In 1980 Aurelio Zanotta, founder of Zanotta, paid Enzo Mari a visit with a rock climber’s nail, the type that makes the most of crevices in the rock wall to sustain the climber. This was the beginning of the Tonietta chairwhich won the Compasso d’Oro award in 1987. Its designer, architect Enzo Mari, speaks about it in a recent edition of Zanotta Happenings. I cannot stand projects that are conceived the same morning as I cannot tolerate those who come along asking for an idea for the next day… You need thought, research and work to reach a design and create a product. – Enzo Mari

ZH: What lies at the basis of your projects?
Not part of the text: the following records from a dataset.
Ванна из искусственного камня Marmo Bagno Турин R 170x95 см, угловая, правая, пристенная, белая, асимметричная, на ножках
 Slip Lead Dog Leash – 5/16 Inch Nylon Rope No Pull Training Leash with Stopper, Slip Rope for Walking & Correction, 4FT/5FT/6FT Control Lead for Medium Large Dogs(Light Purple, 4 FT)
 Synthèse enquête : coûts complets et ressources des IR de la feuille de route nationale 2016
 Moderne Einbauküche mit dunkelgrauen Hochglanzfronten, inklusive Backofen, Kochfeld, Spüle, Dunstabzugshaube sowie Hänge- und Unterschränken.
EM: Let me give you an example. During the same years, Cesare Cassina too was reasoning on the idea of the rock climber’s nail (he was a mountain enthusiast). He thought of having them produced in forged aluminium, which is highly compressed and very strong. Instead, starting from Aurelio’s idea I thought of making the chair’s legs in die-cast aluminium with differentiated thicknesses and thinner, slightly curved front legs. It took me five years to reach the right thickness and the final design. The assistance of Penati (Head of Zanotta’s Technical Department at the time) with whom I defined every detail to make Tonietta work perfectly was essential. I cannot stand projects that are conceived the same morning as I cannot tolerate those who come along asking for an idea for the next day… You need thought, research and work to reach a design and create a product. The only possible reasons to design an item issue from the intention to clearly communicate a shape and the chair is the simplest shape one can start from: it has four legs, a seat and a back. Tonietta’s pure arch and strong thin legs. The assembly system recalls that of the historical Thonet. The effort focuses on gaining the utmost resistance with the minimum use of material.